INFORMATION SUPPLIED:
##########
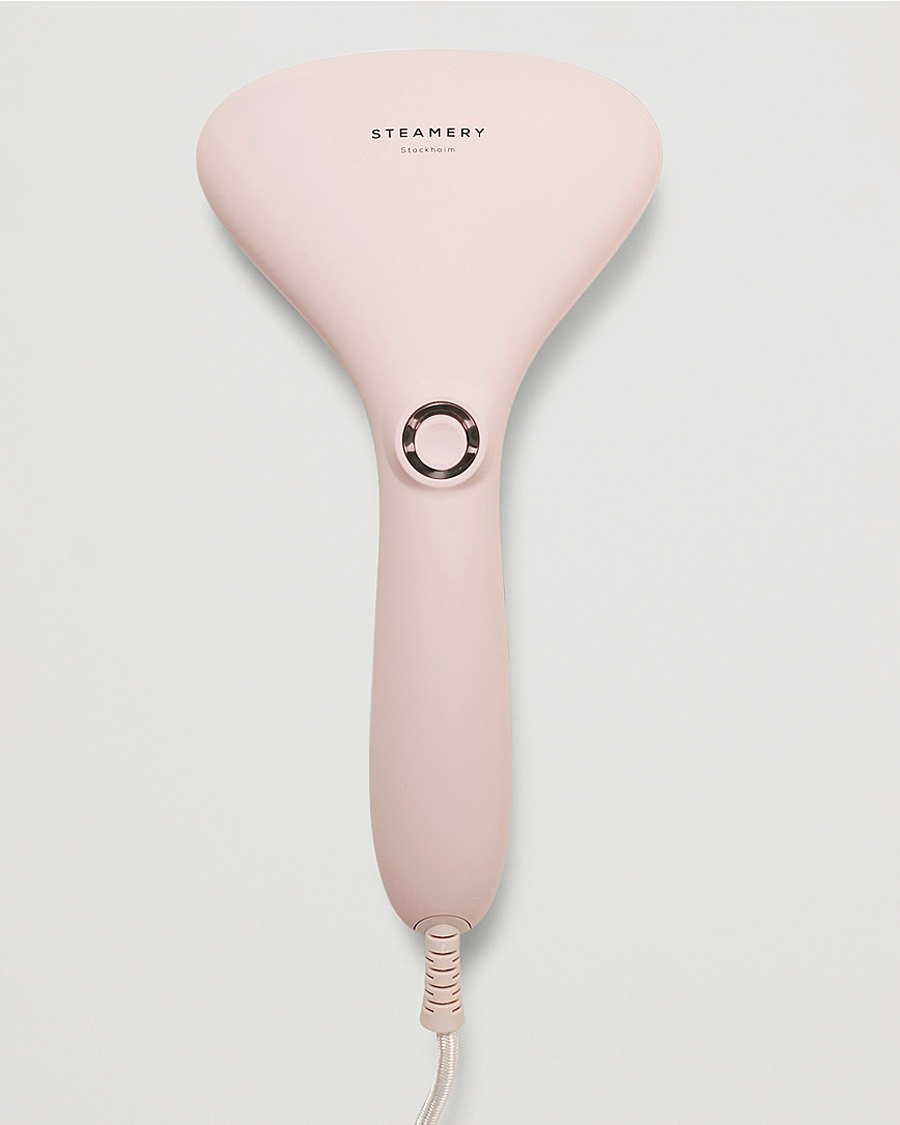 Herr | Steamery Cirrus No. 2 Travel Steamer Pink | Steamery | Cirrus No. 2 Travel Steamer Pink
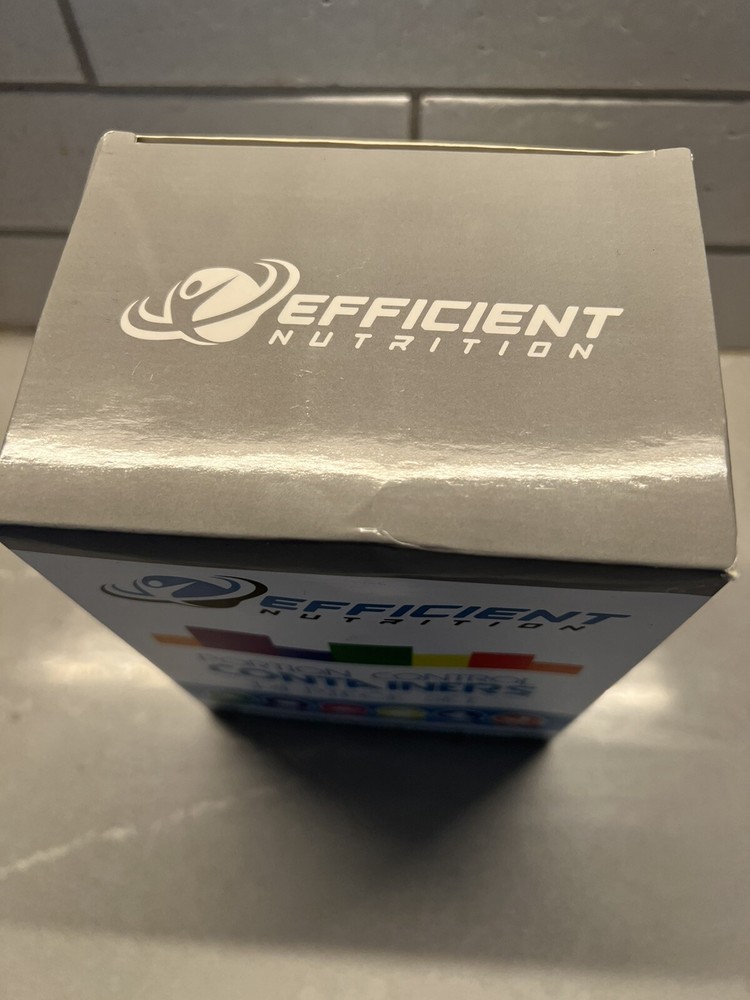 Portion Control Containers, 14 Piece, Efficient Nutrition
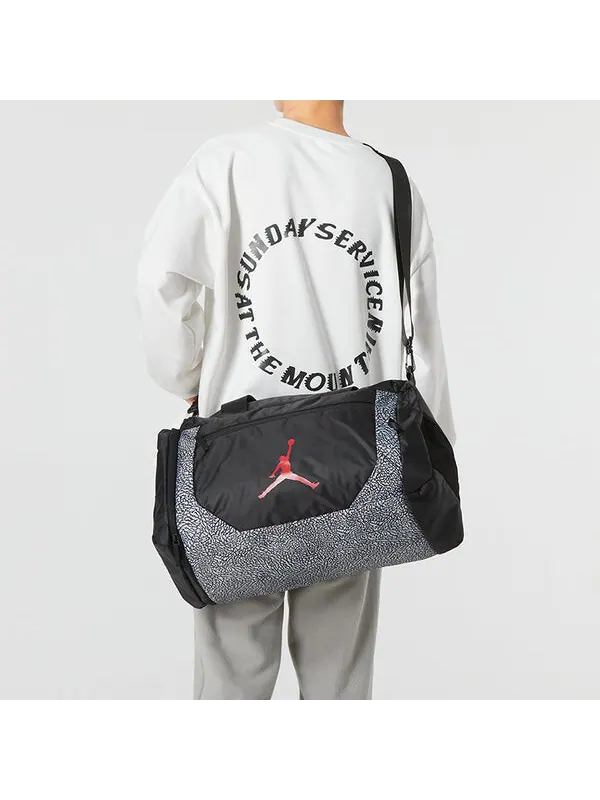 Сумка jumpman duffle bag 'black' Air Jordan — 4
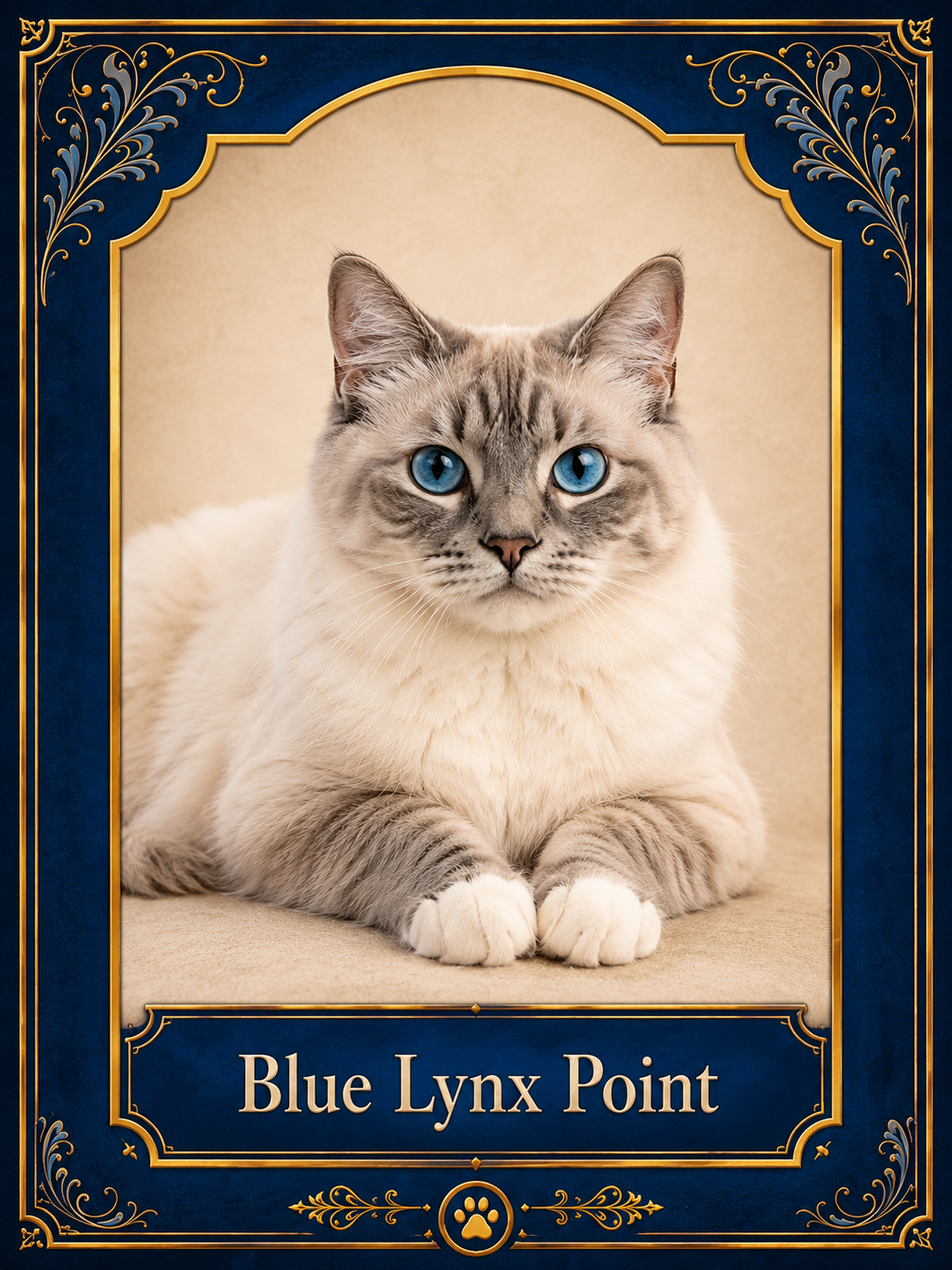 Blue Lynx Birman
##########
WHAT THE EXERCISE ASKS:
The required output is every line of the data above, set down exactly and stripped of pictures.

TASK RESULT:
 Herr | Steamery Cirrus No. 2 Travel Steamer Pink | Steamery | Cirrus No. 2 Travel Steamer Pink
 Portion Control Containers, 14 Piece, Efficient Nutrition
 Сумка jumpman duffle bag 'black' Air Jordan — 4
 Blue Lynx Birman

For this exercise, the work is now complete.